しかし、子どもたちの多くは、授業や説明を“聞いた”だけで「わかった」と感じてしまいがち。
この状態を「わかったつもり」と呼びます。
✔ 先生の説明を聞いて理解した気になっている
✔ 友達が答えたのを見て「そうそう」と思って満足している
✔ 解説を読んで「なんとなくわかった」と感じている
このように、知識が「自分の中で整理・定着していない状態」で「わかった」と感じることは珍しくありません。
「わかった?」の落とし穴
親としてつい口にしてしまう「わかった?」という質問。
でも、これは実はあまり意味のない問いかけです。
なぜなら、子どもたちの「わかった」の基準は大人が思っているよりはるかに低いからです。
本来、「自分の言葉で説明できる」状態を「わかった」としてほしいですが、知識の定着はしていなくても、「授業が面白かった」というだけで、「わかった!」という子は多いです。
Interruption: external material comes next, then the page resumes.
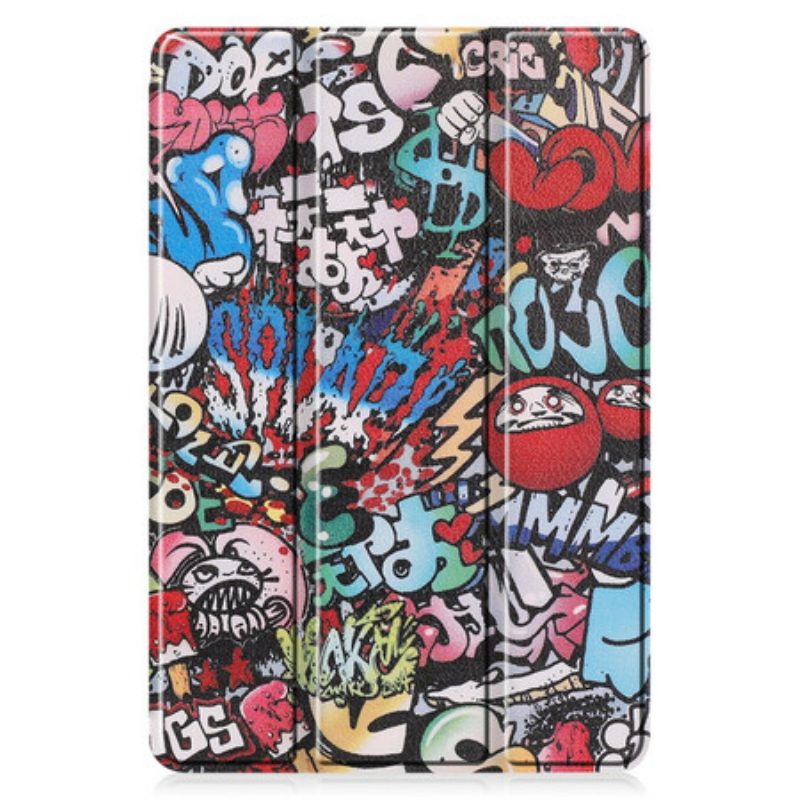 Bescherming Hoesje voor Samsung Galaxy Tab S6 Lite Graffiti Pennenhouder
また、「わからない」と答えるのに勇気が必要で、言い出せない子もいます。
親に心配をかけたくない。 がっかりされたくない。 できないと思われたくない——。
そんな気持ちから、「うん」と返事をしてしまう子が少なくありません。
その結果、“わかっていないのに進んでしまう”という悪循環が生まれてしまいます。
私は、授業中によく過去の自分の失敗談を交えて話をしていました。
そうすることで、「間違えても大丈夫な雰囲気」が生まれ、子どもも安心して考えを話してくれることがあります。
子どもの考えを知りたいときや、子どもが本音を言いづらそうにしているときには、ぜひ試してみてください。
本当の理解を引き出す“質問術”
では、どうすれば「本当にわかっているか」を見極められるのでしょうか。
カギとなるのが、「子どもに考えさせる質問」を投げかけることです。
具体的な質問例
- 「どうしてそう思ったの?」 → 答えの背景にある考え方を確認
- 「それって、他の問題にも使えそう?」 → 応用力・関連付けの力を確認
- 「友達に説明するなら、どう伝える?」 → 自分の言葉で説明できるかチェック
- 「間違ってたらどこが違うと思う?」 → 理解のズレを自覚させる
このように、「正解かどうか」ではなく、「どう考えたか」「なぜそう思ったか」に焦点を当てた質問が大切です。
家庭でできる“リフレクション”の習慣
塾や学校に頼るだけでなく、家庭でも“振り返り”をする習慣があると、理解は深まります。
▼ 例えば、こんなやり取りはいかがでしょうか?
親:「今日の勉強で『なるほど!』って思ったことある?」
子:「うーん、割り算の考え方が少しわかった気がする」
親:「そっか!それ、どうやって気づいたの?」
このように、“何を学んだか”よりも、“どう気づいたか”を聞くことで、子ども自身の理解を深めることができます。
“問いかけ”が親子の信頼を深める
質問は、ただ知識を確認するためのものではありません。
子どもの考えに興味を持ち、「あなたのことをもっと知りたい」という姿勢を伝えるツールでもあります。
質問の仕方ひとつで、子どもは「わかってくれている」「信じてくれている」と感じることができます。
その安心感が、子どもが自分の考えを深める土台になるのです。
🐧答えよりも“考える力”を育てよう
テストで点を取ることも大事ですが、本当に大切なのは「考える力」です。
「考える力」が身に着けば、点数は自然と上がってきます。
「なぜ?」「どうして?」「どう説明する?」という親の問いかけが、子どもを“わかったつもり”から引き上げてくれます。
今日から、「わかった?」の代わりに、「どう考えたの?」という問いかけを使ってみてください。
それだけで、子どもは少しずつ“自分の頭で考える力”を育んでいくはずです。
子どもの学びに寄り添う親の言葉は、何よりも強いサポートになります。